* [Excerpted records]:
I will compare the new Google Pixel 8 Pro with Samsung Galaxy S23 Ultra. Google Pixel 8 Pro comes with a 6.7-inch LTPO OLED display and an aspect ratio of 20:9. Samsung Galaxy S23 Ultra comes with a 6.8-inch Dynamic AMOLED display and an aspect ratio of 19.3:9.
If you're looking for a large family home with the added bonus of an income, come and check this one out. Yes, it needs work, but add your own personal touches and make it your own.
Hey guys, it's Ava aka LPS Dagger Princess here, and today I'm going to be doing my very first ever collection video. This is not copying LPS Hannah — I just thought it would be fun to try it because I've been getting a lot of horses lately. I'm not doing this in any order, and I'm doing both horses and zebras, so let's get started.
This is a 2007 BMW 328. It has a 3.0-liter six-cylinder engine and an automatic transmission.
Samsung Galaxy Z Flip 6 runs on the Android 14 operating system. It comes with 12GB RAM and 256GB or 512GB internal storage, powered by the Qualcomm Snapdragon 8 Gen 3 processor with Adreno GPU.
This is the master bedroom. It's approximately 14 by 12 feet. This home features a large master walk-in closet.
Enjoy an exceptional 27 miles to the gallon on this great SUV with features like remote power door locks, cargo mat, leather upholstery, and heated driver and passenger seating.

...

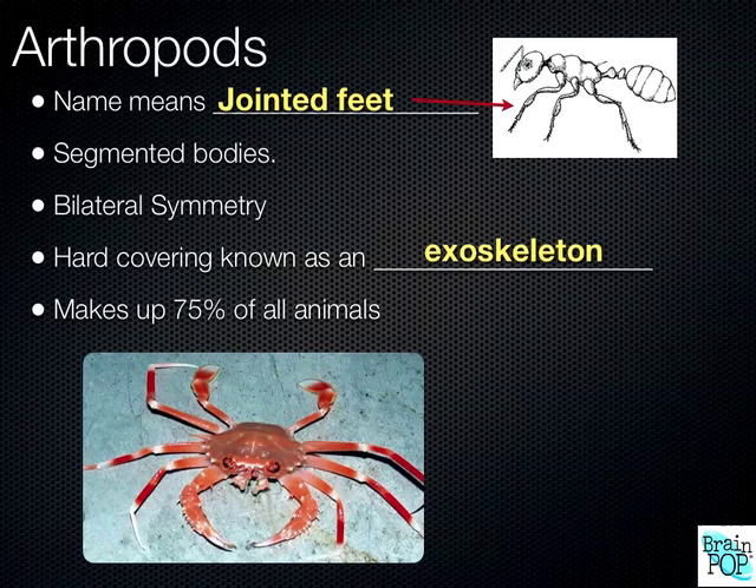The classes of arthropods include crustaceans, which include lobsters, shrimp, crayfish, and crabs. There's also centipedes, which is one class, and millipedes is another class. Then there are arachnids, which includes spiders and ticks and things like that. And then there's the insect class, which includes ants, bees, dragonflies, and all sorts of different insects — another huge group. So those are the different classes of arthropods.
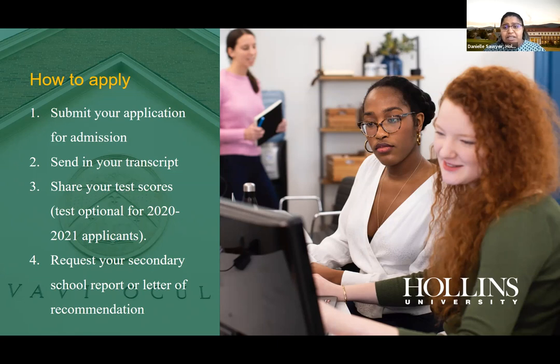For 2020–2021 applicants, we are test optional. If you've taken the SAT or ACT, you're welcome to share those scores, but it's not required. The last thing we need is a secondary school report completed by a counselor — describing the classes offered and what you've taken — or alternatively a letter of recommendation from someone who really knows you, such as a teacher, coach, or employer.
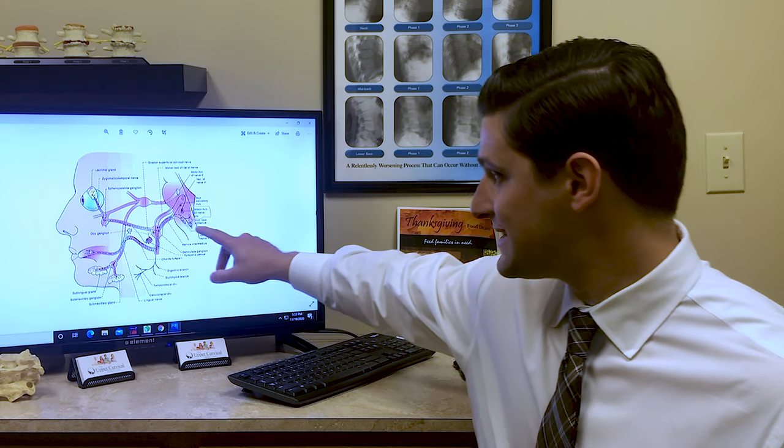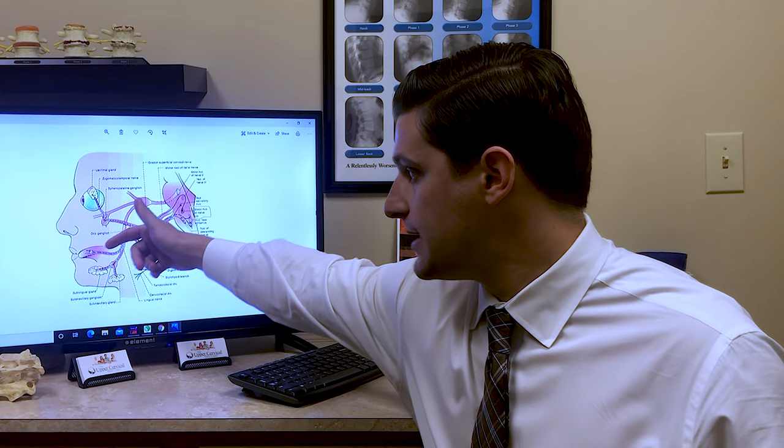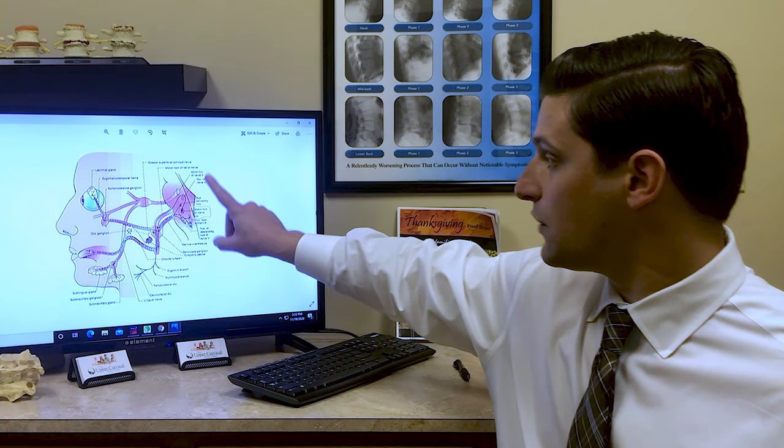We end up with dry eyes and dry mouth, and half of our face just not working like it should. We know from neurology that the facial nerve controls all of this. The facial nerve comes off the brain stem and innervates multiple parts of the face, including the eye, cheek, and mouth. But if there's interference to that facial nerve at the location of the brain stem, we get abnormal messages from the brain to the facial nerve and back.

* [What you will do]: Leaving each picture behind, please give again exactly the lines above from the one with "For 2020–2021 applicants, we" through the one with "We end up with", both included, and no others.

* [Output of the task]:
For 2020–2021 applicants, we are test optional. If you've taken the SAT or ACT, you're welcome to share those scores, but it's not required. The last thing we need is a secondary school report completed by a counselor — describing the classes offered and what you've taken — or alternatively a letter of recommendation from someone who really knows you, such as a teacher, coach, or employer.
We end up with dry eyes and dry mouth, and half of our face just not working like it should. We know from neurology that the facial nerve controls all of this. The facial nerve comes off the brain stem and innervates multiple parts of the face, including the eye, cheek, and mouth. But if there's interference to that facial nerve at the location of the brain stem, we get abnormal messages from the brain to the facial nerve and back.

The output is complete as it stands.